• _TRY IT_
Exactly as they stand, set down all of the records again.

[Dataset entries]
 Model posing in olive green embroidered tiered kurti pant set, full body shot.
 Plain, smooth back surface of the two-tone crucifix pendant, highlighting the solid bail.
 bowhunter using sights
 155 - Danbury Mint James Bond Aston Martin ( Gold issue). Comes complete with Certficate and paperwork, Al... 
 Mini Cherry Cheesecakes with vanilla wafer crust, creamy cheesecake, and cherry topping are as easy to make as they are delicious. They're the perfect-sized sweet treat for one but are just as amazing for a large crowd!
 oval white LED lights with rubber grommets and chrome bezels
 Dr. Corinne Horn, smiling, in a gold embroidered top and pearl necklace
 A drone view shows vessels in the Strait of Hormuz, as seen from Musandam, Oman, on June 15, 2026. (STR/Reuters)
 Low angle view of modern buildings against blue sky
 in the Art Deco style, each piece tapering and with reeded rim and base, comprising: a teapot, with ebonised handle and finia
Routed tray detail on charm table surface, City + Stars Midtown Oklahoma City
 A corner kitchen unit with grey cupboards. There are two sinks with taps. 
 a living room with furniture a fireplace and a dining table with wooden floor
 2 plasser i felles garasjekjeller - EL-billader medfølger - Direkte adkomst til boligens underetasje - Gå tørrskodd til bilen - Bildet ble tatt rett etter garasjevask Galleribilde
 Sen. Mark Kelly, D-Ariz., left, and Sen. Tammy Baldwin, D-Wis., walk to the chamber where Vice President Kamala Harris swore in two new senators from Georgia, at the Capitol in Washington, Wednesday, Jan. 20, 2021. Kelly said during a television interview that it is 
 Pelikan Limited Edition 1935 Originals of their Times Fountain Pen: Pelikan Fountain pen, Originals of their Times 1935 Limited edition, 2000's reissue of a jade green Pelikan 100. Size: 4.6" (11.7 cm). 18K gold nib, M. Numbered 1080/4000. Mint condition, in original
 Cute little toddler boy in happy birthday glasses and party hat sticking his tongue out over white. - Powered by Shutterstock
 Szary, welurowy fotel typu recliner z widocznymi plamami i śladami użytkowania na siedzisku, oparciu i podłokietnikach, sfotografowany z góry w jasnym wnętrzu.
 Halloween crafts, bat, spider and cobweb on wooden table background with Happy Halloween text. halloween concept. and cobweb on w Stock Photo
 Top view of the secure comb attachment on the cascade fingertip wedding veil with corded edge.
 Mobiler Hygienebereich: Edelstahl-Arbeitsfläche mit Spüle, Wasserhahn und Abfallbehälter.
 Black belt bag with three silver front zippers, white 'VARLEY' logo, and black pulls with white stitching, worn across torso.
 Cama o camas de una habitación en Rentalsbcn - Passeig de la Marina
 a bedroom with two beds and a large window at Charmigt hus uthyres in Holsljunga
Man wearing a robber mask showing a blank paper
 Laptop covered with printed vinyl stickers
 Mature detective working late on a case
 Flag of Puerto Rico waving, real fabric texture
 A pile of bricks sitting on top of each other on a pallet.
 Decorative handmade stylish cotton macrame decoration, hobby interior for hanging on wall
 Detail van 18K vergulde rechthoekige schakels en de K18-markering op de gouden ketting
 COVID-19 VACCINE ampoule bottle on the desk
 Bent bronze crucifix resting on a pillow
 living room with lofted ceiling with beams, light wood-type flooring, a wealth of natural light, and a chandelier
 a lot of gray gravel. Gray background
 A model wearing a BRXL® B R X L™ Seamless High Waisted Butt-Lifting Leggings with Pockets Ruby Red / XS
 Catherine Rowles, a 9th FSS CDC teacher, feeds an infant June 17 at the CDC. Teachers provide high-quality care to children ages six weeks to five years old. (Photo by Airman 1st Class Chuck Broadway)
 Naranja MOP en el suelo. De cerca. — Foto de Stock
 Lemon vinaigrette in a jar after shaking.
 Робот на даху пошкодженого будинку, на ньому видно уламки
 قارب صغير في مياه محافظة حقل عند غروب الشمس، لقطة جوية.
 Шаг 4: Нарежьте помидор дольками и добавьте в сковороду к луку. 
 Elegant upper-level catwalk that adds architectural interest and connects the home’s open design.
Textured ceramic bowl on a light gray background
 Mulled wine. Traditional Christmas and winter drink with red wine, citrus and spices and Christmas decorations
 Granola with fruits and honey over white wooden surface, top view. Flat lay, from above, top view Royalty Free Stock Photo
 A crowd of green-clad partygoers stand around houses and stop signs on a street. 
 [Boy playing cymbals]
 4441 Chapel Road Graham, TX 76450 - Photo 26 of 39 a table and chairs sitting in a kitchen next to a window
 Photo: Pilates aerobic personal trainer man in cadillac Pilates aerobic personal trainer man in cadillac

• _EXPECTED ANSWER_
 Model posing in olive green embroidered tiered kurti pant set, full body shot.
 Plain, smooth back surface of the two-tone crucifix pendant, highlighting the solid bail.
 bowhunter using sights
 155 - Danbury Mint James Bond Aston Martin ( Gold issue). Comes complete with Certficate and paperwork, Al... 
 Mini Cherry Cheesecakes with vanilla wafer crust, creamy cheesecake, and cherry topping are as easy to make as they are delicious. They're the perfect-sized sweet treat for one but are just as amazing for a large crowd!
 oval white LED lights with rubber grommets and chrome bezels
 Dr. Corinne Horn, smiling, in a gold embroidered top and pearl necklace
 A drone view shows vessels in the Strait of Hormuz, as seen from Musandam, Oman, on June 15, 2026. (STR/Reuters)
 Low angle view of modern buildings against blue sky
 in the Art Deco style, each piece tapering and with reeded rim and base, comprising: a teapot, with ebonised handle and finia
Routed tray detail on charm table surface, City + Stars Midtown Oklahoma City
 A corner kitchen unit with grey cupboards. There are two sinks with taps. 
 a living room with furniture a fireplace and a dining table with wooden floor
 2 plasser i felles garasjekjeller - EL-billader medfølger - Direkte adkomst til boligens underetasje - Gå tørrskodd til bilen - Bildet ble tatt rett etter garasjevask Galleribilde
 Sen. Mark Kelly, D-Ariz., left, and Sen. Tammy Baldwin, D-Wis., walk to the chamber where Vice President Kamala Harris swore in two new senators from Georgia, at the Capitol in Washington, Wednesday, Jan. 20, 2021. Kelly said during a television interview that it is 
 Pelikan Limited Edition 1935 Originals of their Times Fountain Pen: Pelikan Fountain pen, Originals of their Times 1935 Limited edition, 2000's reissue of a jade green Pelikan 100. Size: 4.6" (11.7 cm). 18K gold nib, M. Numbered 1080/4000. Mint condition, in original
 Cute little toddler boy in happy birthday glasses and party hat sticking his tongue out over white. - Powered by Shutterstock
 Szary, welurowy fotel typu recliner z widocznymi plamami i śladami użytkowania na siedzisku, oparciu i podłokietnikach, sfotografowany z góry w jasnym wnętrzu.
 Halloween crafts, bat, spider and cobweb on wooden table background with Happy Halloween text. halloween concept. and cobweb on w Stock Photo
 Top view of the secure comb attachment on the cascade fingertip wedding veil with corded edge.
 Mobiler Hygienebereich: Edelstahl-Arbeitsfläche mit Spüle, Wasserhahn und Abfallbehälter.
 Black belt bag with three silver front zippers, white 'VARLEY' logo, and black pulls with white stitching, worn across torso.
 Cama o camas de una habitación en Rentalsbcn - Passeig de la Marina
 a bedroom with two beds and a large window at Charmigt hus uthyres in Holsljunga
Man wearing a robber mask showing a blank paper
 Laptop covered with printed vinyl stickers
 Mature detective working late on a case
 Flag of Puerto Rico waving, real fabric texture
 A pile of bricks sitting on top of each other on a pallet.
 Decorative handmade stylish cotton macrame decoration, hobby interior for hanging on wall
 Detail van 18K vergulde rechthoekige schakels en de K18-markering op de gouden ketting
 COVID-19 VACCINE ampoule bottle on the desk
 Bent bronze crucifix resting on a pillow
 living room with lofted ceiling with beams, light wood-type flooring, a wealth of natural light, and a chandelier
 a lot of gray gravel. Gray background
 A model wearing a BRXL® B R X L™ Seamless High Waisted Butt-Lifting Leggings with Pockets Ruby Red / XS
 Catherine Rowles, a 9th FSS CDC teacher, feeds an infant June 17 at the CDC. Teachers provide high-quality care to children ages six weeks to five years old. (Photo by Airman 1st Class Chuck Broadway)
 Naranja MOP en el suelo. De cerca. — Foto de Stock
 Lemon vinaigrette in a jar after shaking.
 Робот на даху пошкодженого будинку, на ньому видно уламки
 قارب صغير في مياه محافظة حقل عند غروب الشمس، لقطة جوية.
 Шаг 4: Нарежьте помидор дольками и добавьте в сковороду к луку. 
 Elegant upper-level catwalk that adds architectural interest and connects the home’s open design.
Textured ceramic bowl on a light gray background
 Mulled wine. Traditional Christmas and winter drink with red wine, citrus and spices and Christmas decorations
 Granola with fruits and honey over white wooden surface, top view. Flat lay, from above, top view Royalty Free Stock Photo
 A crowd of green-clad partygoers stand around houses and stop signs on a street. 
 [Boy playing cymbals]
 4441 Chapel Road Graham, TX 76450 - Photo 26 of 39 a table and chairs sitting in a kitchen next to a window
 Photo: Pilates aerobic personal trainer man in cadillac Pilates aerobic personal trainer man in cadillac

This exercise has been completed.